╔══

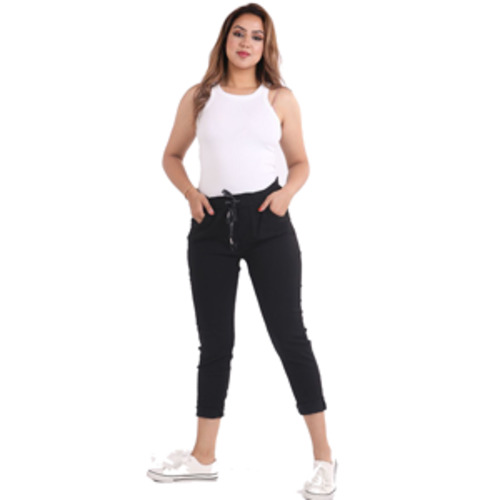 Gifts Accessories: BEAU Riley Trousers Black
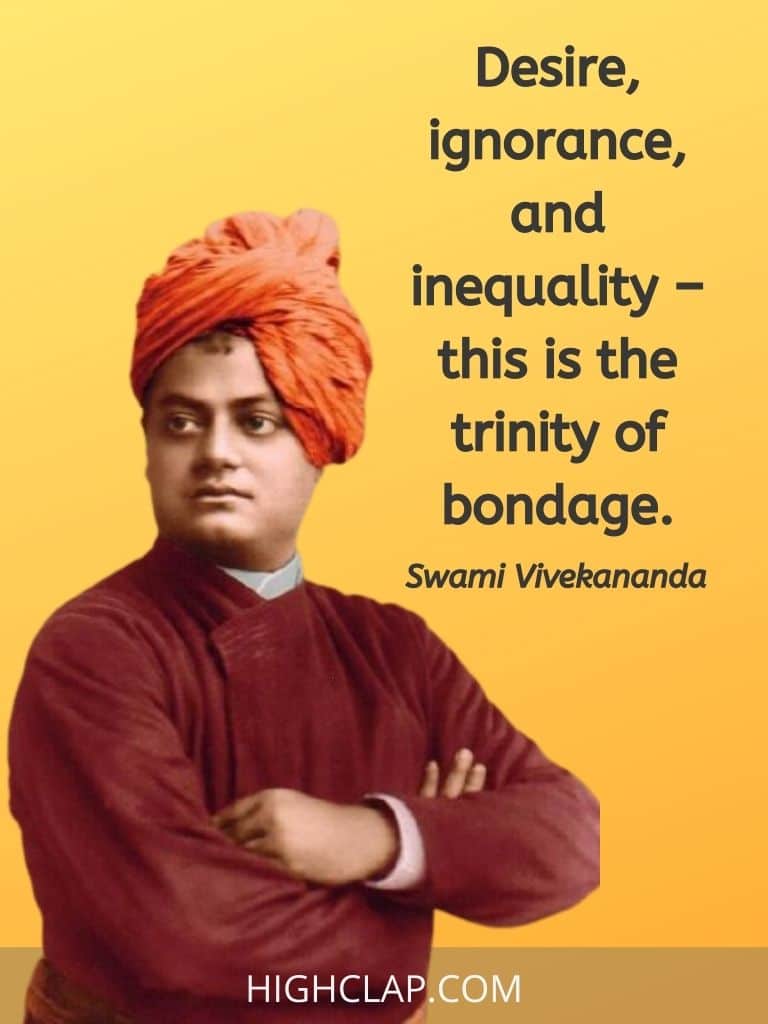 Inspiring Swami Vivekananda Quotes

╚══
╔══

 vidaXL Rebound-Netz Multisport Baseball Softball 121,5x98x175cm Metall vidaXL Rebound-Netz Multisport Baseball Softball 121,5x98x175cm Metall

╚══
╔══

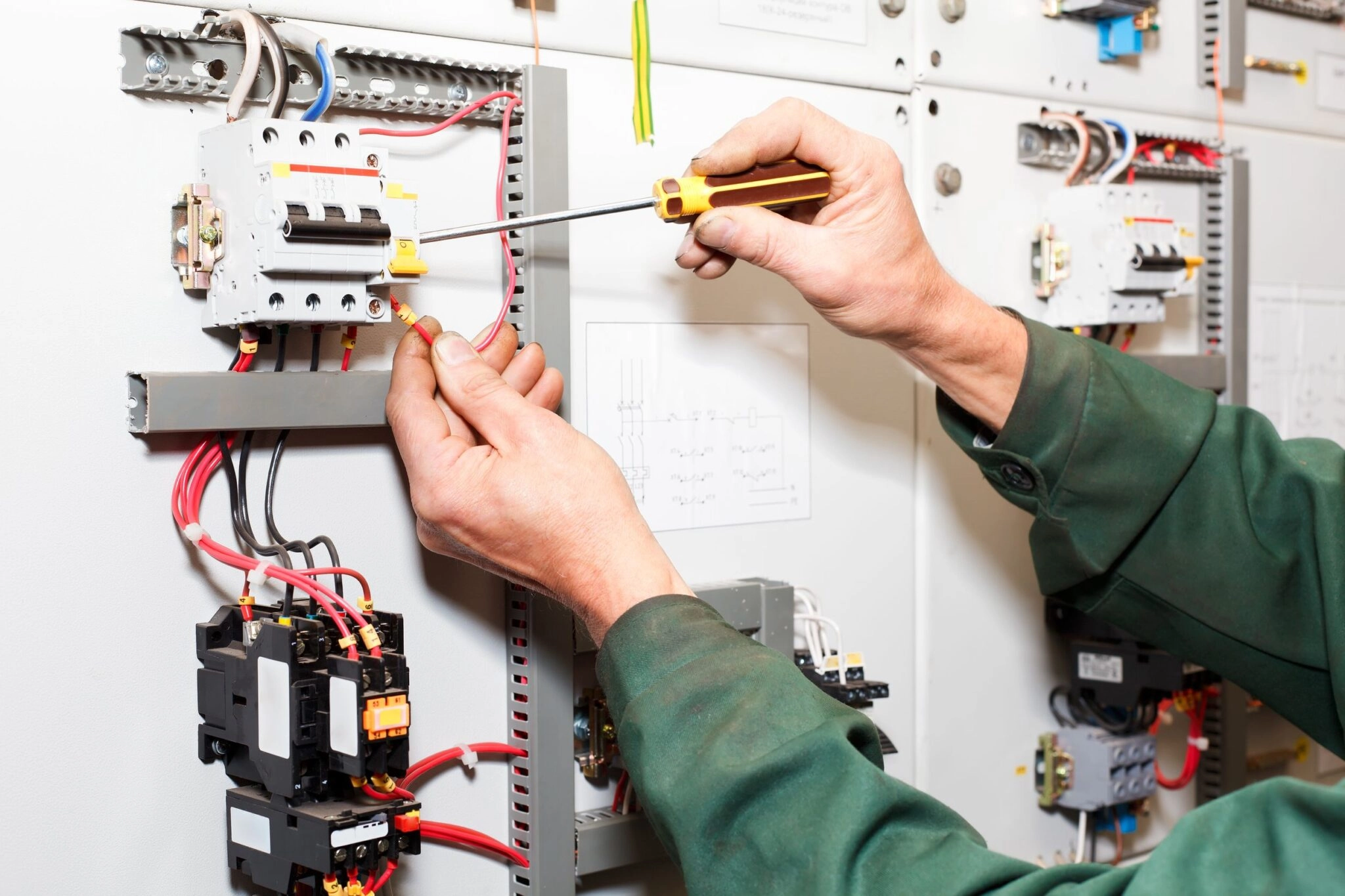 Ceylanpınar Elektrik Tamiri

╚══

* **BRIEF**: Leave out the images and write out the lines above exactly, from the one with "Gifts Accessories: BEAU Riley Trousers Black" up to and including the one with "Inspiring Swami Vivekananda Quotes".

* **ANSWER BOX**:
 Gifts Accessories: BEAU Riley Trousers Black
 Inspiring Swami Vivekananda Quotes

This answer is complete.